--- Data shown Enclosed Below ---

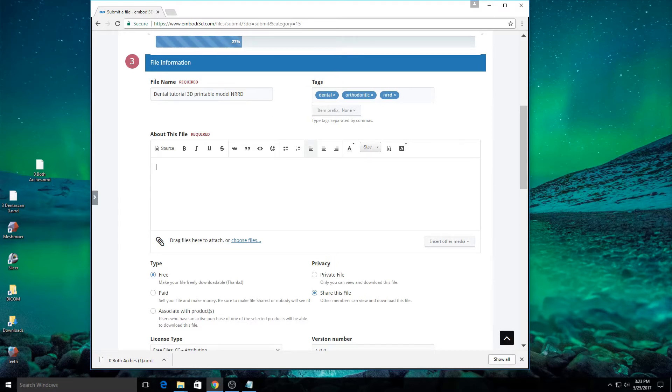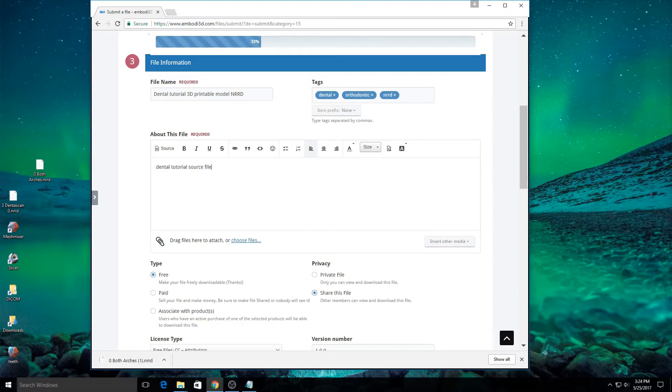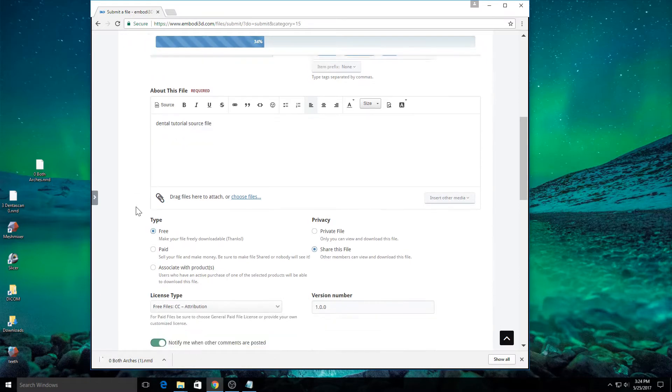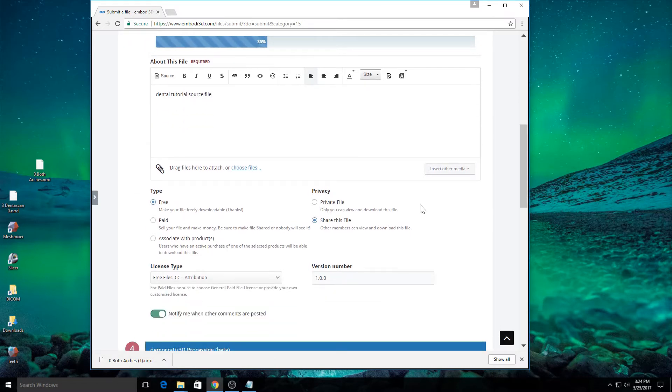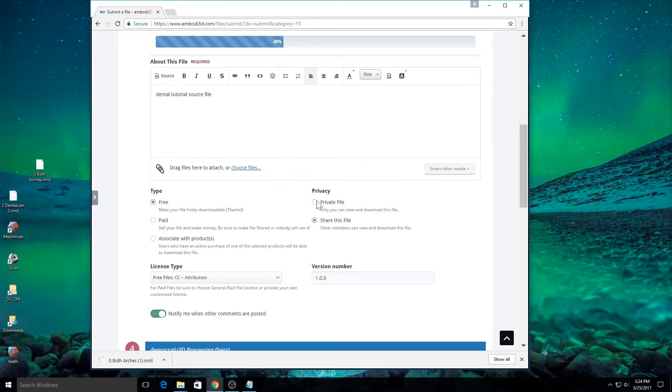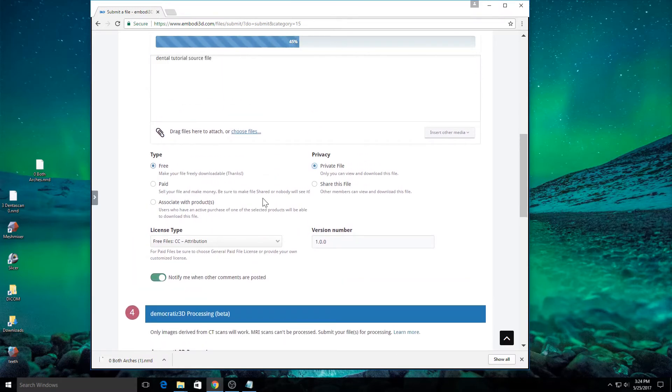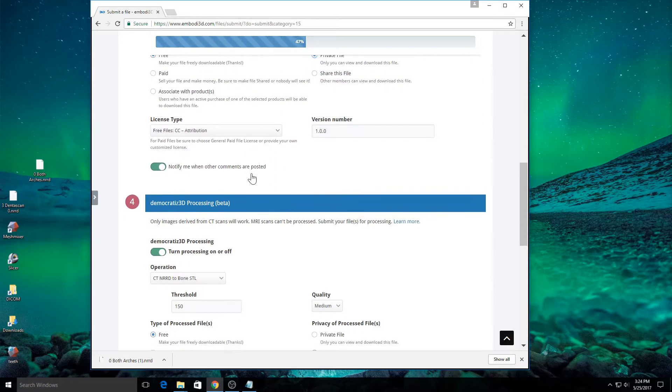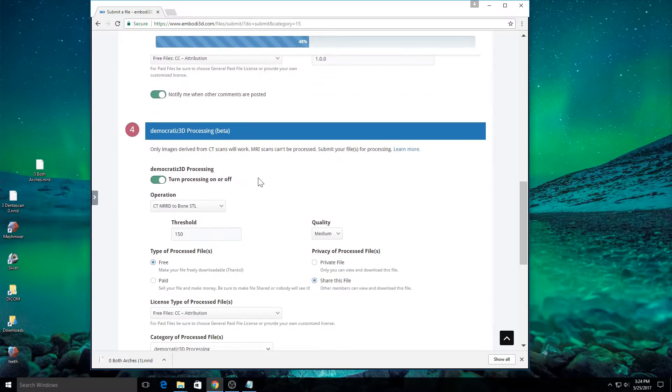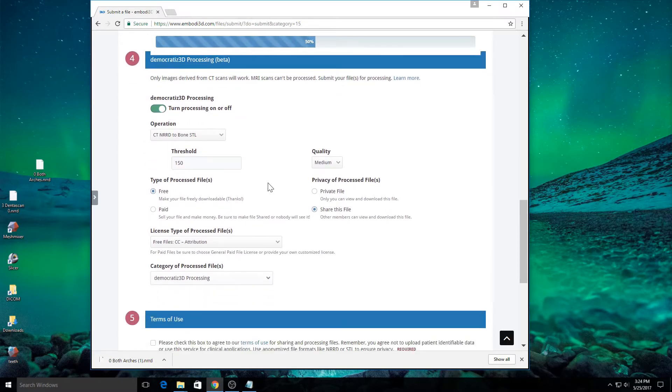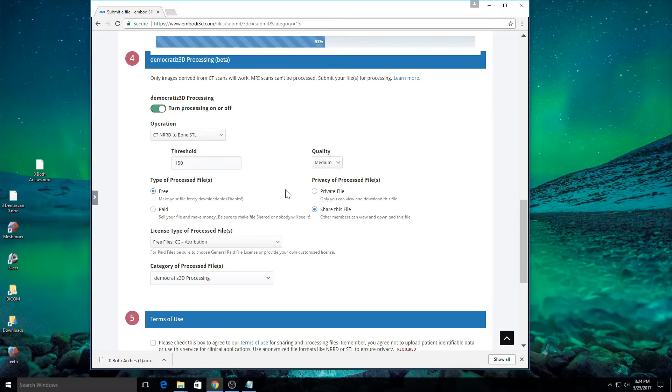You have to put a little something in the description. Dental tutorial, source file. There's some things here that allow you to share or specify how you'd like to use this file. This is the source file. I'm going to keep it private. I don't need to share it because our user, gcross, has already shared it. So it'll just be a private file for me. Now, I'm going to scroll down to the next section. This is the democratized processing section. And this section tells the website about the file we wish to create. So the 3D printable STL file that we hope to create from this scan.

--- End of Enclosed Data shown ---
--- Data shown Enclosed Below ---

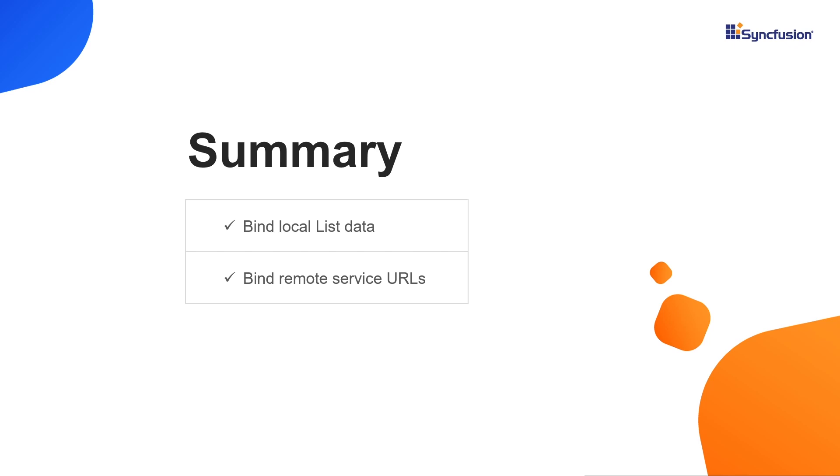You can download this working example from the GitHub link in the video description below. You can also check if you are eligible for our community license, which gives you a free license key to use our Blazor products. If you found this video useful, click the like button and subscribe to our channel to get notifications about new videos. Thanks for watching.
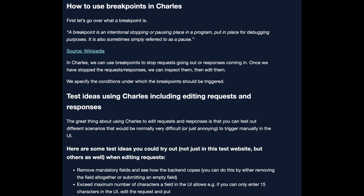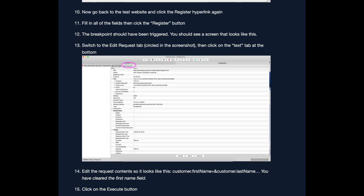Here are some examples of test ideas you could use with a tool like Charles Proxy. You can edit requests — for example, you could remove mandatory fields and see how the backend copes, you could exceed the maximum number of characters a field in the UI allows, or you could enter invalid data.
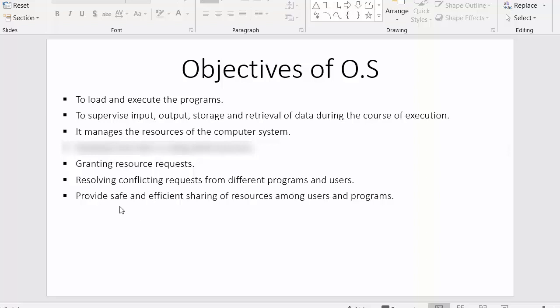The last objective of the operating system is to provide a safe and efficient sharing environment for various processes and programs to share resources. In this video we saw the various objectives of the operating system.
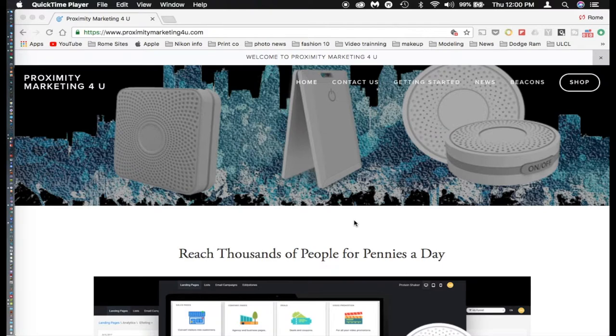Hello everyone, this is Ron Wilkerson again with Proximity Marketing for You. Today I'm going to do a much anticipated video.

--- End of Enclosed Data shown ---
--- Data shown Enclosed Below ---

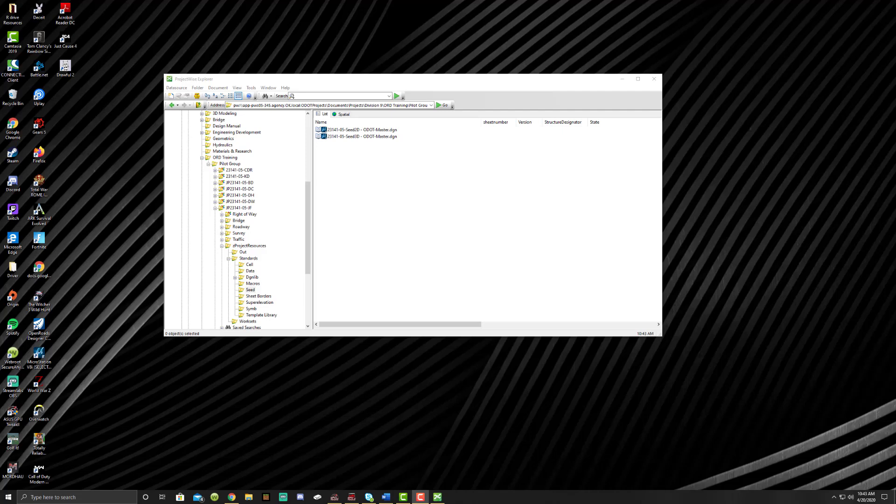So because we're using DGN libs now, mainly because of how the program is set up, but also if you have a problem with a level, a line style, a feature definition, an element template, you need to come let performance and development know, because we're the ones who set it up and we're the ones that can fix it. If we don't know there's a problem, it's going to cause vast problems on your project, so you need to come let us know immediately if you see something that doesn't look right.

--- End of Enclosed Data shown ---

▸ **Required work**:
In the entries above, find the line that contains "The last objective" and the line that contains "Hello everyone, this". Reproduce exactly those two lines and every line between them, but not the pictures.

▸ **Written response**:
The last objective of the operating system is to provide a safe and efficient sharing environment for various processes and programs to share resources. In this video we saw the various objectives of the operating system.
Hello everyone, this is Ron Wilkerson again with Proximity Marketing for You. Today I'm going to do a much anticipated video.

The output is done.